Not only does the running water in the bathtub bring on inspiration but other watery places provide similar stimulus.  Last January, while visiting Florida, I stayed in an old cypress cabin perched above the roiling, winter ocean.  Here the waves beat the rhythm of the tides against the small cliff.  The voice of the sea echoed amongst the stacked rocks of the cliff sometimes in angry vowels as it forced the salt spray into the air and at other times it whispered it's wisdom to those who would listen as it caressed the weathered mass of rocks and broken shells with soft, watery fingers.  It was here that I started a story that has yet to be finished, in the middle of it's writing, I flew home.

One summer while working as a Naturalist for a local park district, I spent a part of many working days sitting next to, walking by or doing programs close to some body of water.  I had my office next to a large lake where children and adults came to enjoy its peace and coolness.  I sat on a bench talking to park guests a footpath width away from a medium sized pond and learned from the pond inhabitants about the wisdom of the seasons.  I studied the frogs and toads and a beautiful Green Heron standing on the shore of another small pond.  From them, I learned that nature provides in abundance if you live in harmony with her.  This message I took to those who attended my programs.  I considered this time to be a peak in my creative life.

So, what does this have to do with Thanks-giving, you ask?
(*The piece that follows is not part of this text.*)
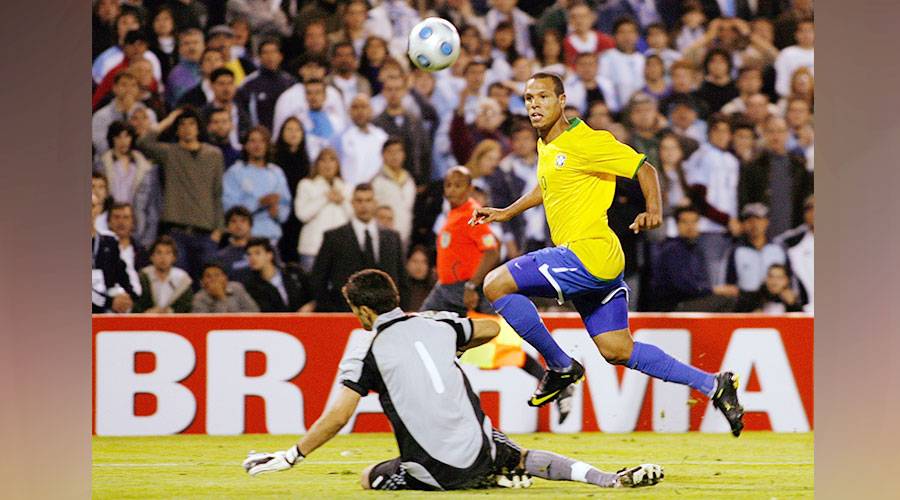  فابيانو يسجل في شباك الأرجنتين بتصفيات مونديال 2010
Well, during this morning's shower I came up with a great idea which this time I remembered.  I am grateful for my creative gift but have not been doing much with it lately.  So, I decided that during this season of thanks and giving that I would try to write something, if not every day at least once a week as my giving of thanks to the creator for the gift of creativity that has been given to me.  I may or may not post everything here but I will try to write something regularly.  Maybe I'll even roll out some bio-fiction.    

 So, what would happen if we all took the time to consider our talents and then decided to gift them to our world of friends during the rest of November and December?  Who might you lift up, who might you inspire, maybe you'd make someone laugh out loud, maybe you'd heal some wounds or make a new friend.  Despite the animosity prevalent in our world today, I believe that together we stand or fall.  My passion for writing might not be yours but maybe you can bake the best pecan pie EVER (DEB!) or maybe you are a creative genius with a needle, maybe you love to garden or can paint or take photographs that inspire. 

As the end of the world as we know it approaches on December 21, 2012 some think terrible things will happen or maybe nothing at all will occur.  I think that as an old cycle ends we have the opportunity to kick off a new cycle, a cycle where we all live better, higher lives that are more focused on love, kindness and support of each other.  A cycle where we recognize the talents we have been gifted with and instead of working for years doing things we hate for money, learn to live in a world that appreciates these gifts even if they are not the traditional ones.  Like I said, I think when we all achieve, everyone wins.  So, what will you give to the world in the next weeks?